Finance Minister Abdul Hafeez Shaikh is scheduled to leave for Washington DC on September 21 on a six-day visit to meet officials of the International Monetary Fund (IMF) and the World Bank (WB).
A senior official of the finance ministry told The Express Tribune on Thursday that Finance Secretary Dr Waqar Masood, Economic Affairs Division Secretary Abdul Wajid Rana, Federal Board of Revenue (FBR) Chairman Salman Siddique and State Bank of Pakistan (SBP) Acting Governor Yaseen Anwar will accompany the finance minister.
He said that the IMF had agreed to extend new loans to Pakistan if it submitted a consultation report under Article IV, as a part of the obligations regarding exchange arrangements.
He added that the consultation report on Pakistan’s economic performance was prepared in collaboration with IMF officials once every two years, to be presented before the IMF board.
However, the official said, the consultation report had been delayed this year.
He said that talks with the IMF were postponed earlier to prepare the consultation report in view of the economic review, which was expected in July, under the first Standby Arrangement Programme (SBA).
However, there has been little progress on the SBA so far.
The IMF has now indicated that it will consider extending new loans to Pakistan if it submits the consultation report under Article IV.
Talking to The Express Tribune, sources in the finance ministry said that Pakistan would have to pay up to $2.3 billion in February 2012 to meet its debt obligations towards the IMF and the Paris Club.
They said that the grace period of the $11 billion IMF loan is due to expire in February. Therefore, Pakistan will have to pay the IMF $1.3 billion as the first instalment, they said.

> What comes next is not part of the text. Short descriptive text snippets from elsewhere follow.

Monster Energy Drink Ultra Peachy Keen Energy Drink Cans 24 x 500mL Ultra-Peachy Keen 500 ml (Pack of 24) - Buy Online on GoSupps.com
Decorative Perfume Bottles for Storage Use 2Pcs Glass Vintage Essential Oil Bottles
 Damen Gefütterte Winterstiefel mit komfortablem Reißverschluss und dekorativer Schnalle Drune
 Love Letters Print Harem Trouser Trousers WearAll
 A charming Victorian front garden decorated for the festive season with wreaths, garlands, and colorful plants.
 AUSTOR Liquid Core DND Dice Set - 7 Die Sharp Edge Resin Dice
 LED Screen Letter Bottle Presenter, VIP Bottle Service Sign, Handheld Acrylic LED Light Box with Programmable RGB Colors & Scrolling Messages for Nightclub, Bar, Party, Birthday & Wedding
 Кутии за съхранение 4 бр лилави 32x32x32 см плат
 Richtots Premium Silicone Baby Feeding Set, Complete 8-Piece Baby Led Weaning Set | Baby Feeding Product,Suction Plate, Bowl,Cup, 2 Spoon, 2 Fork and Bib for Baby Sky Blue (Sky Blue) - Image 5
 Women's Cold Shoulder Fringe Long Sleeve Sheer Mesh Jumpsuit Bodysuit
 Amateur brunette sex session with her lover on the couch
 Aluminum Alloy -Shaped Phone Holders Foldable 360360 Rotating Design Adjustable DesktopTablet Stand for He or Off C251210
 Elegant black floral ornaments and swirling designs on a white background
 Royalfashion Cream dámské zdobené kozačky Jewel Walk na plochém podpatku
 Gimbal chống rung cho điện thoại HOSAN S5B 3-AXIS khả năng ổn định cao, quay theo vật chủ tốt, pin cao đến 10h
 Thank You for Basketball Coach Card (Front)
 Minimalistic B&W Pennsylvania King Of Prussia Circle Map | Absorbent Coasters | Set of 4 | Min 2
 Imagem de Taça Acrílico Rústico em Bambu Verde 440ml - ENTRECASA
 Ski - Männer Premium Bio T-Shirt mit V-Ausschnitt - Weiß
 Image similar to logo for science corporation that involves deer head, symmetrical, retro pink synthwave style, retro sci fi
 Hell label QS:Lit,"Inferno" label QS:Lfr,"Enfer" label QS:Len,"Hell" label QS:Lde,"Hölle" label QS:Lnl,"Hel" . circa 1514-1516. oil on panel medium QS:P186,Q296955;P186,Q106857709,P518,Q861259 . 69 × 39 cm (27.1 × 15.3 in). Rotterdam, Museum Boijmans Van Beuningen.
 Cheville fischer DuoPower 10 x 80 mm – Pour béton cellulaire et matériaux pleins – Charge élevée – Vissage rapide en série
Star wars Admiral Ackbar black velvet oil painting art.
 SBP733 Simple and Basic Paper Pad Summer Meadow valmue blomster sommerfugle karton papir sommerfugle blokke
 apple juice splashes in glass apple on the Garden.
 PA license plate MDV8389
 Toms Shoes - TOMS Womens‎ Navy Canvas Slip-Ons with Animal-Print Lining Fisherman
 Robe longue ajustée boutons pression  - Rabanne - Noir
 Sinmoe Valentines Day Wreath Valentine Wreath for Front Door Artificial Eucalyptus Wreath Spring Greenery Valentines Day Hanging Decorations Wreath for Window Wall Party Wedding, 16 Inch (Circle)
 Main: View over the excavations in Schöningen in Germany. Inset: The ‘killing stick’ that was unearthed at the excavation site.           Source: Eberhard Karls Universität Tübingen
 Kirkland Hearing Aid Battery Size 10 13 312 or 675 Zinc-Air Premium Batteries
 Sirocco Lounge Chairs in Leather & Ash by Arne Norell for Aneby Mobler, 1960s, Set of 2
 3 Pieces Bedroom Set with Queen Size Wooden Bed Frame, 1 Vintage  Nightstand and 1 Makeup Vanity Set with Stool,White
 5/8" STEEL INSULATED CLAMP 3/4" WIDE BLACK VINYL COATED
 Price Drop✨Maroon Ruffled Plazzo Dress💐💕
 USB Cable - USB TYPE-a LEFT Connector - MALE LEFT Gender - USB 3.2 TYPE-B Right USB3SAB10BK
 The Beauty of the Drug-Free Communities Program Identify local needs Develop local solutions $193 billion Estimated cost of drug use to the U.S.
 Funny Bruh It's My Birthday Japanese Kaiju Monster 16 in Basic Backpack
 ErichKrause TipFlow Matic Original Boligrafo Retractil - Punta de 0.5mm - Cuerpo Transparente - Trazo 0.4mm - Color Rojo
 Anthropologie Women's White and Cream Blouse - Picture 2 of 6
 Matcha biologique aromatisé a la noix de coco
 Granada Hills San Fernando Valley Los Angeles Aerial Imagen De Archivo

They added that Pakistan would start paying back the $12 billion worth of loans that it had got rescheduled from the Paris Club during the Musharraf government. The first payment to the Paris Club will be around $1 billion, they said.
Officials in the finance ministry believe that the loan payments will severely affect foreign exchange reserves of Pakistan.
“Pakistan’s import bill will increase drastically if oil prices in the international market continue to rise. It will have devastating effects on our foreign exchange reserves,” one official said.
He said that the government was devising a strategy to maintain foreign exchange reserves. “Exchangeable bonds and dollar bonds will be issued in the international market to attract overseas Pakistanis in particular,” he said.
He added that new schemes would be launched to help overseas Pakistanis send back remittances. The government will also take steps to curb informal channels for transfer of money from foreign countries, he said.
He said that the new loan programme, if approved by the IMF, would be the Poverty Reduction and Growth Facility Programme (PRGF). It added that the PRGF would be long-term, but costlier than the short-term SBA.
Published in The Express Tribune, September 9th, 2011.